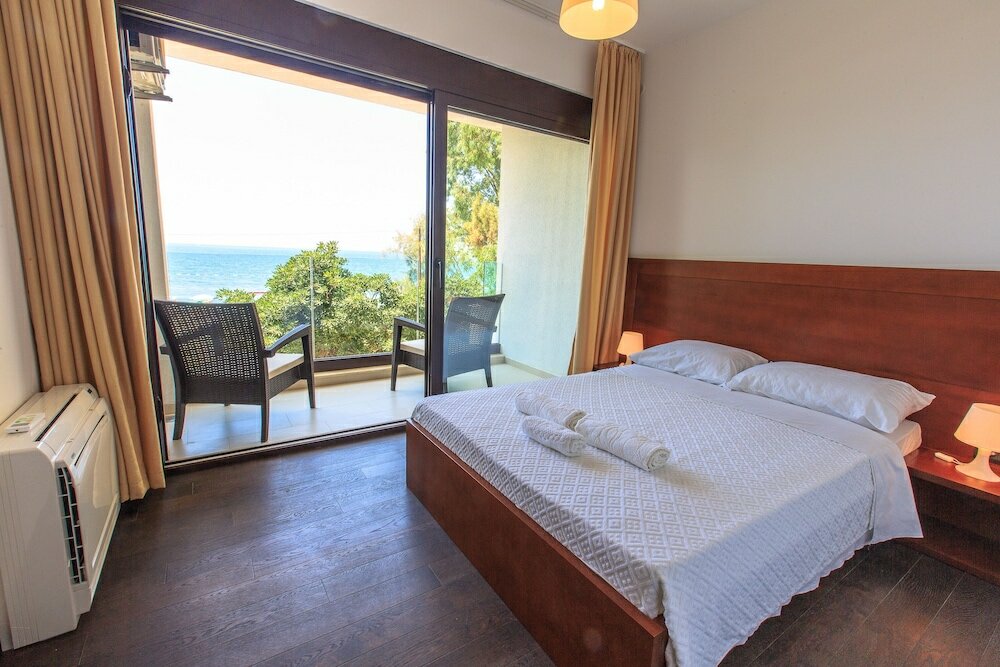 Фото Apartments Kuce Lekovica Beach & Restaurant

==

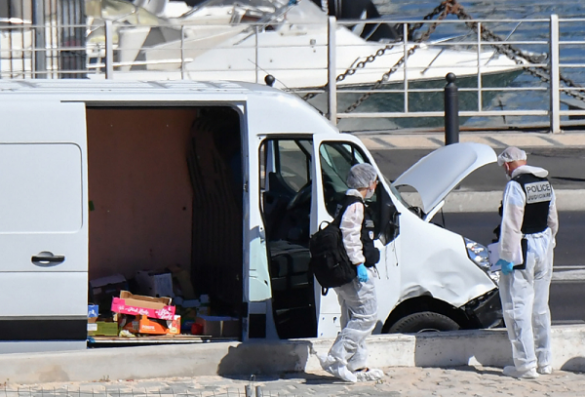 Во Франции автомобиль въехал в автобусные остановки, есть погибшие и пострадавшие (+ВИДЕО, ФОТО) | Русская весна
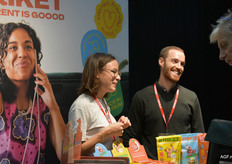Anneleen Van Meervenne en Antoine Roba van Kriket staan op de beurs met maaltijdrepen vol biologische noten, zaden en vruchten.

---

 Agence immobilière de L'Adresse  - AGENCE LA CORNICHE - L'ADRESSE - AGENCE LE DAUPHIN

Exercise instructions
Your answer should be the exact lines above from the one containing "Во Франции автомобиль въехал" through the one containing "Anneleen Van Meervenne", with both end lines kept and the pictures removed, please.

Problem solution
 Во Франции автомобиль въехал в автобусные остановки, есть погибшие и пострадавшие (+ВИДЕО, ФОТО) | Русская весна
Anneleen Van Meervenne en Antoine Roba van Kriket staan op de beurs met maaltijdrepen vol biologische noten, zaden en vruchten.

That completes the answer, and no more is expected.